■ **INSTRUCTIONS FOR THE TASK**:
Output exactly the lines from the one containing "Compare Playstation KSA" through the final line of the entries below, both included, and skip the pictures.

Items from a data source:
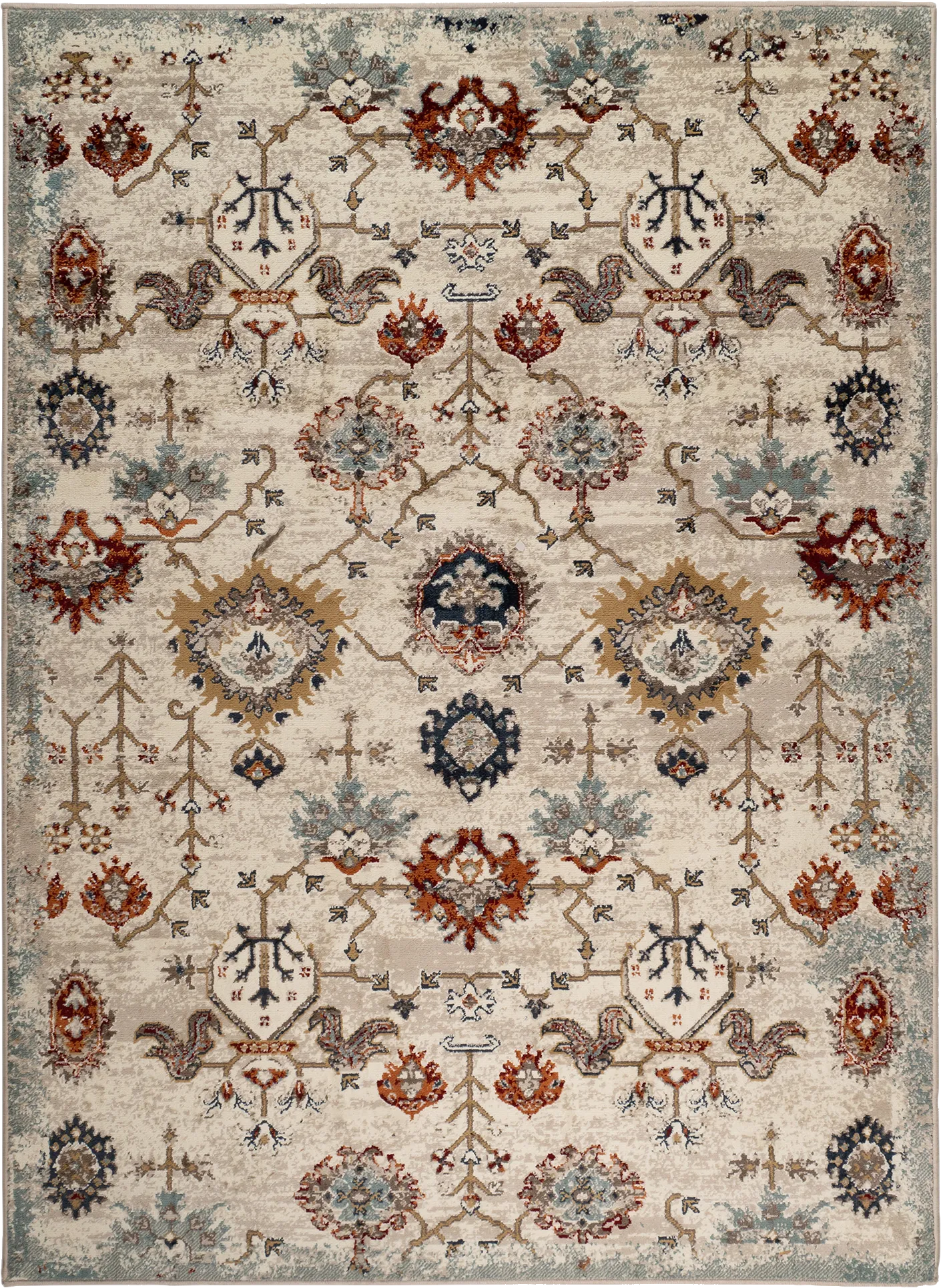 Escester Beige 7'7 x 9'9 Rug - Thumbnail - Image 1
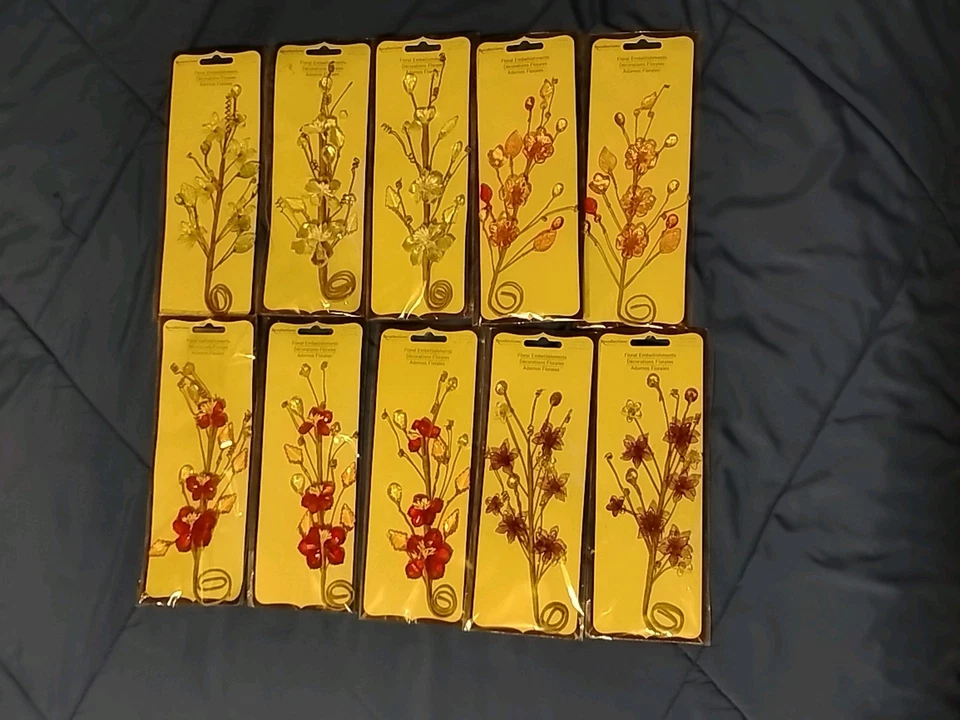 Floral Embellishments By Recollections All Handmade And Variety Of Colors - Image 1 of 4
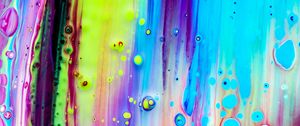 Preview wallpaper paint, stains, liquid, colorful, abstraction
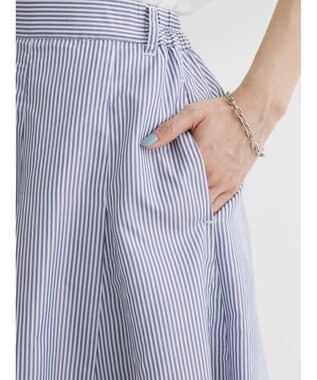 Green Parks ・ＳＵＧＡＲ　ＳＰＯＯＮ　ストライプフレアスカート Blue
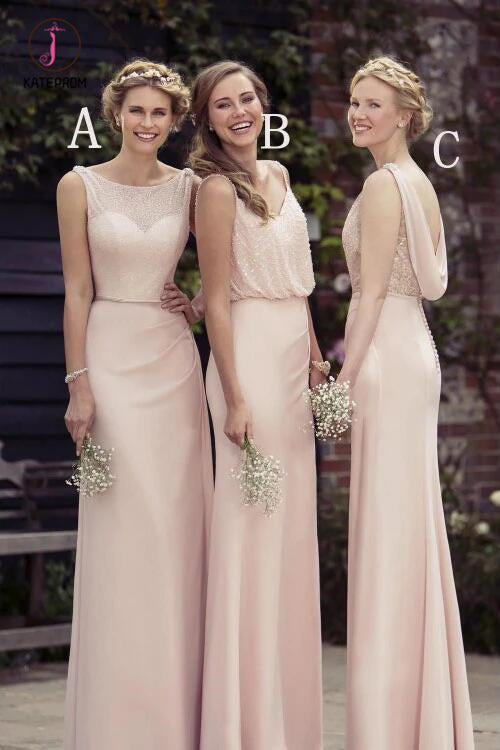 A-line/Princess Long Prom Dresses,Sexy Chiffon Bridesmaid Dresses,Long Prom Dress KPB0102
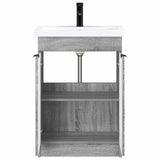 Bathroom Furniture Set Grey Sonoma 56 x 37.5 x 81 cm 3404150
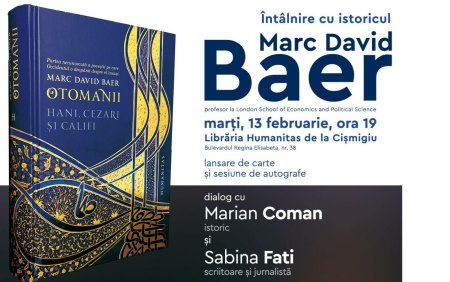 Marc David Baer, autorul cartii Otomanii: Hani, cezari si califi, prezent la un evenimet <span style='background:#EDF514'>HUMANITAS</span>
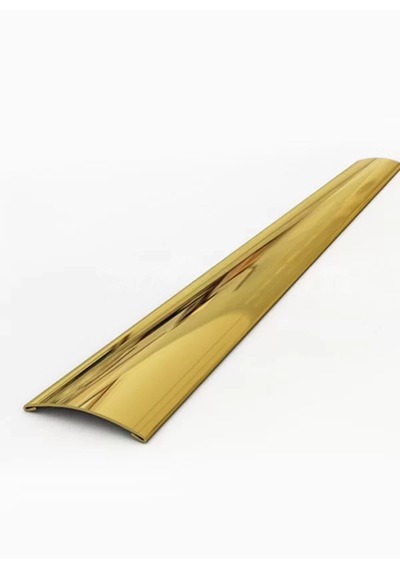 Paslanmaz Çelik Kapı Eşik Geçiş Profili 4/244 Cm Parlak Gold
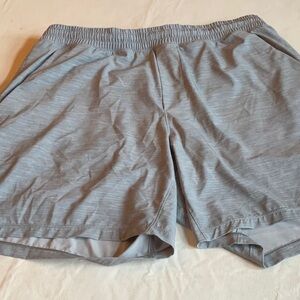 Lululemon Gray Athletic Shorts for Men size XL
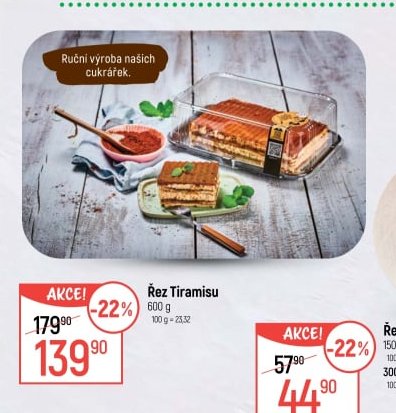 Řez Tiramisu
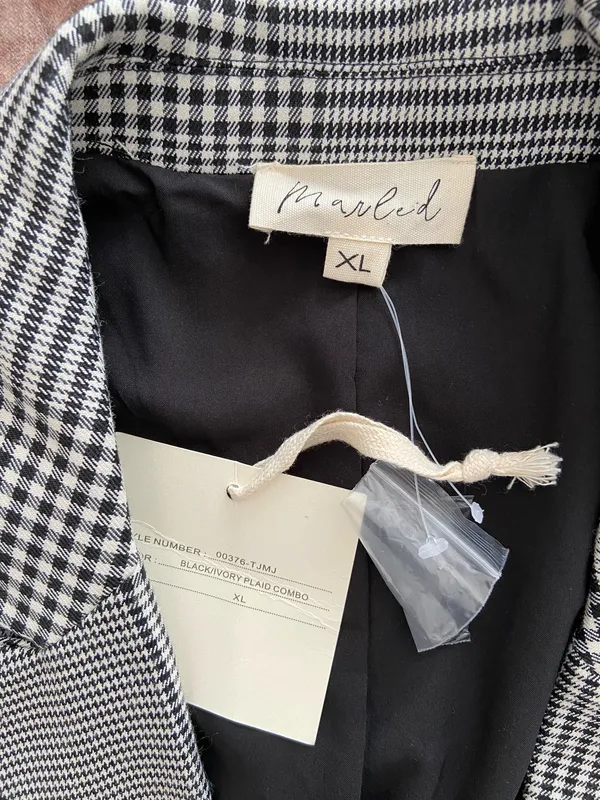 Marled NWT - Glen Plaid Blazer - Image 5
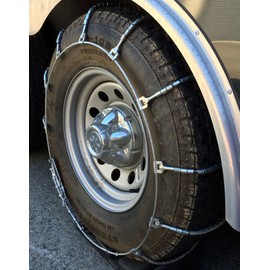 TireChain.com 255/45R20, 255/45 20 Truck SUV Cable Tire Chains Set of 2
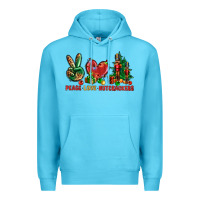 Ocean Blue Peace love Nutcrackers Premium Hoodie - NancyCooperArtShop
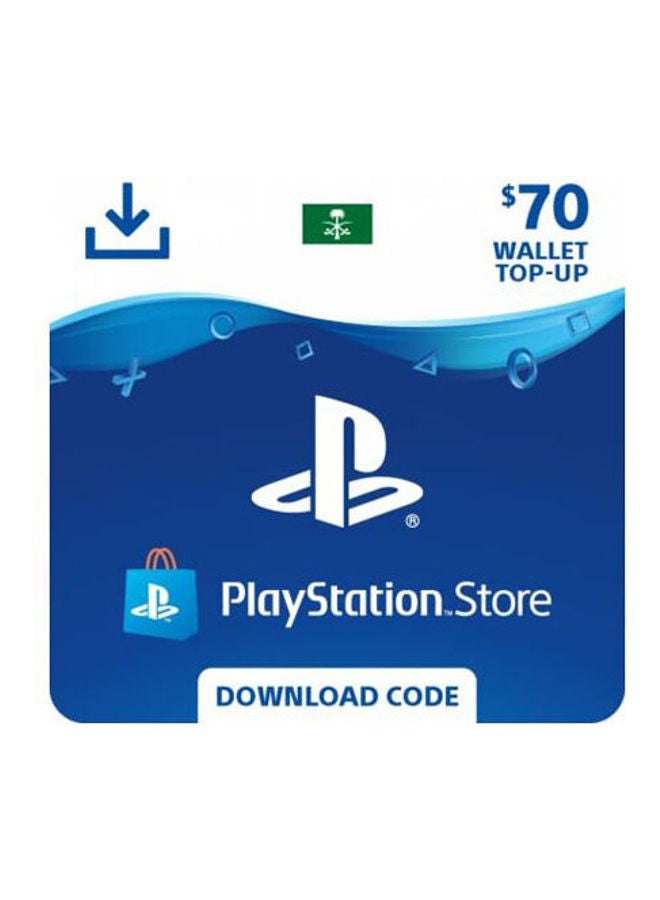 Compare Playstation KSA 70 USD Gift Card at KSA Price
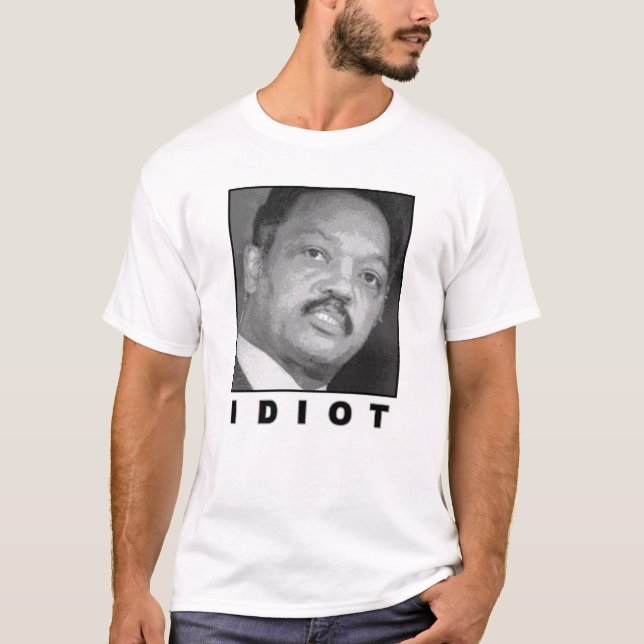 T-shirt Idiot : Jesse Jackson (Devant)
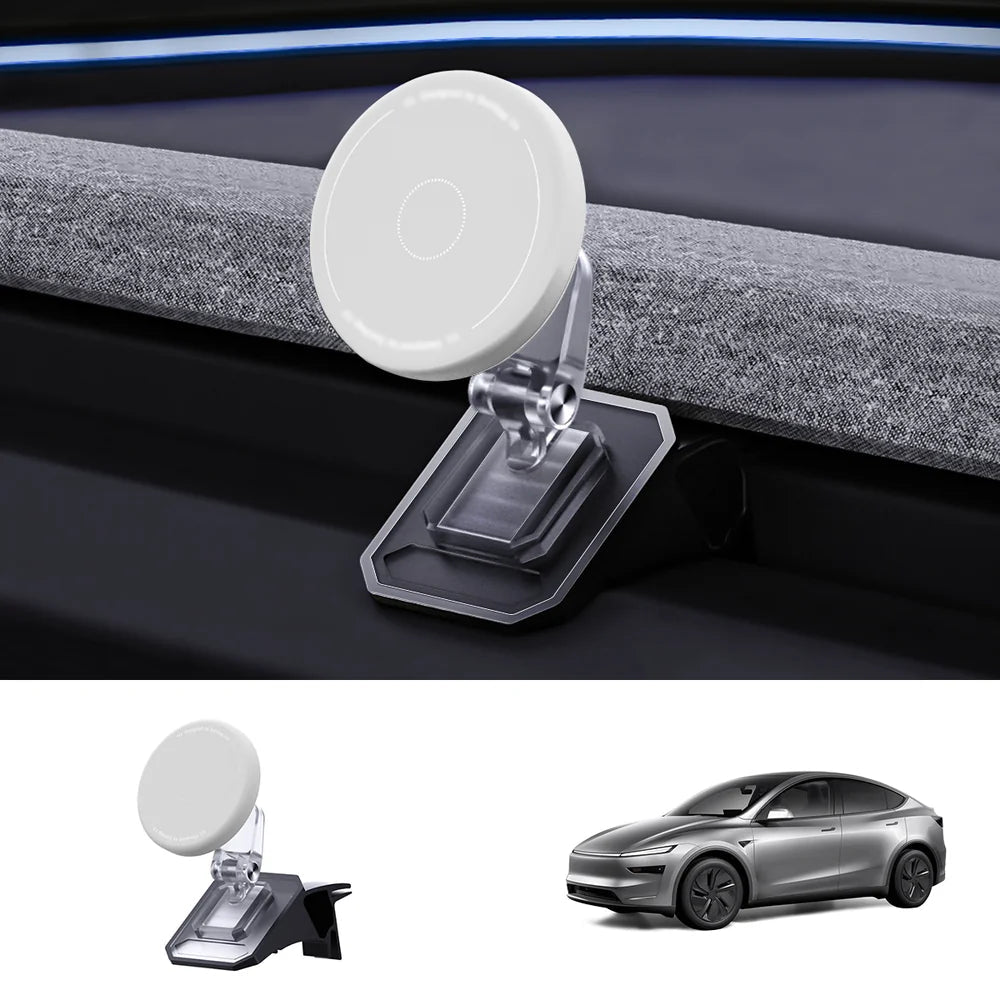 Magnetic Silicone Phone Holder for Tesla Model Y Juniper 2025+ / Model 3 Highland 2024+ - T-Launch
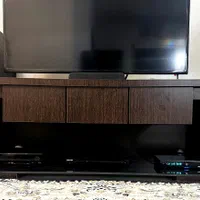 میز تلویزیون/تی‌وی 2طبقه همراه 3 عدد کشو+شیشه دودی|میز تلویزیون|تهران, سازمان برنامه شمالی|دیوار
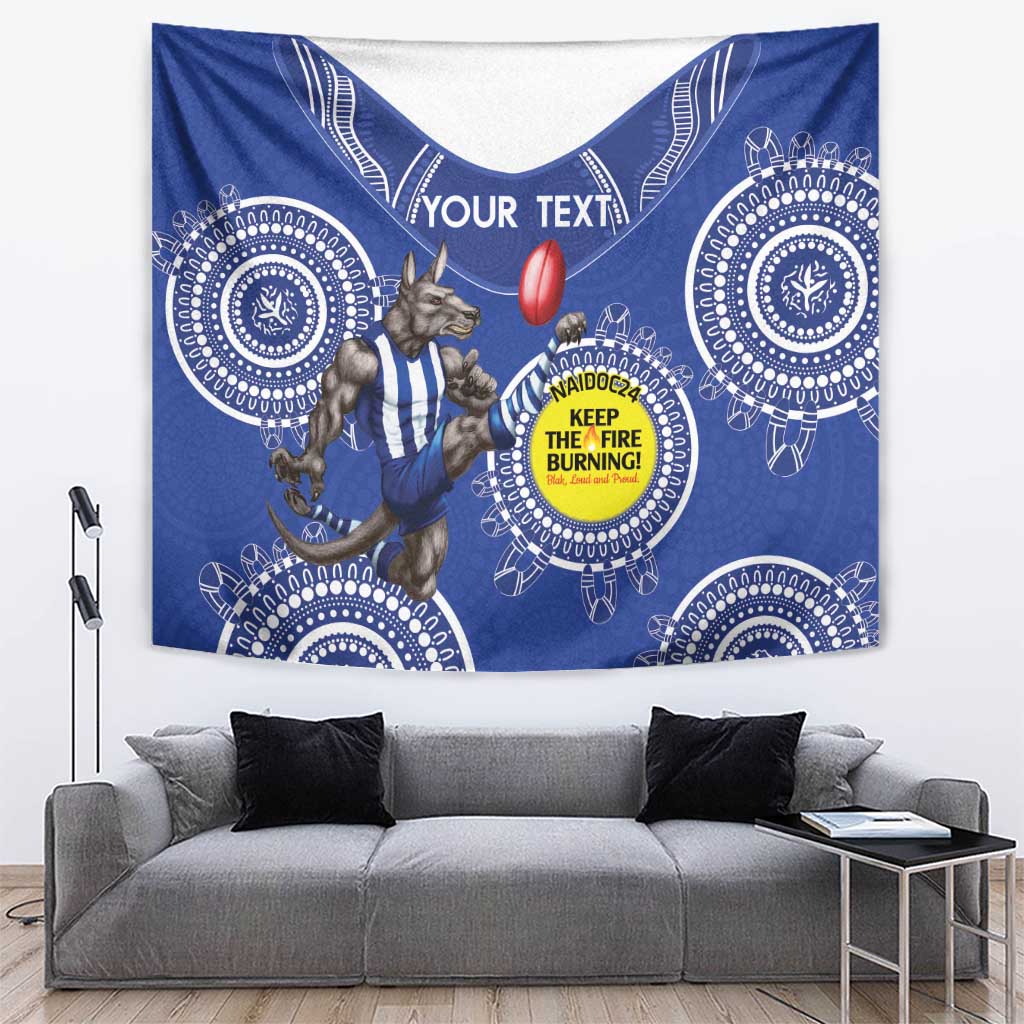 Custom AFL Kangaroos NAIDOC Week Tapestry Keep The Fire Burning Indigenous Art
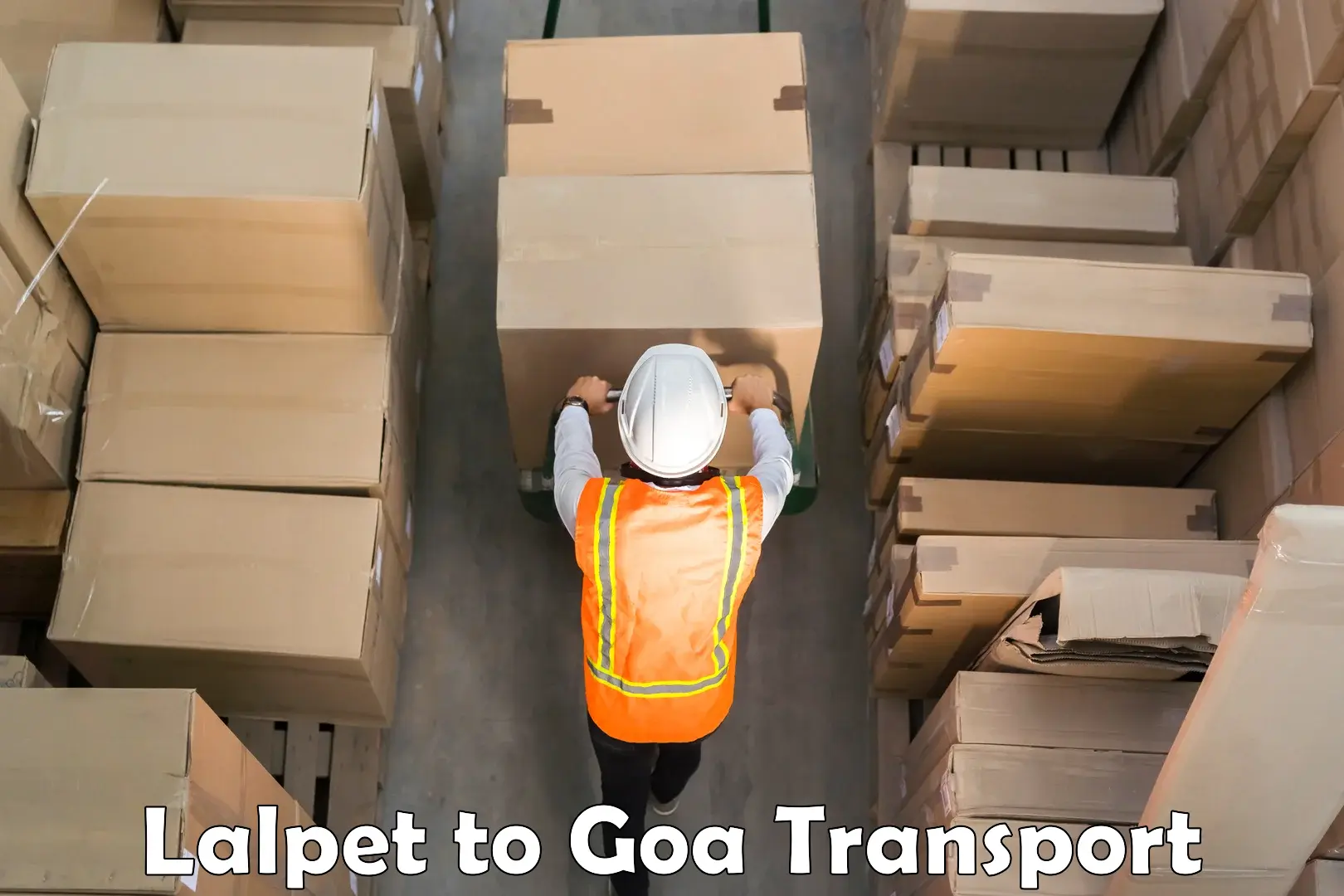 Lorry transport service Lalpet to Vasco da Gama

■ **YOUR SOLUTION**:
 Compare Playstation KSA 70 USD Gift Card at KSA Price
 T-shirt Idiot : Jesse Jackson (Devant)
 Magnetic Silicone Phone Holder for Tesla Model Y Juniper 2025+ / Model 3 Highland 2024+ - T-Launch
 میز تلویزیون/تی‌وی 2طبقه همراه 3 عدد کشو+شیشه دودی|میز تلویزیون|تهران, سازمان برنامه شمالی|دیوار
 Custom AFL Kangaroos NAIDOC Week Tapestry Keep The Fire Burning Indigenous Art
 Lorry transport service Lalpet to Vasco da Gama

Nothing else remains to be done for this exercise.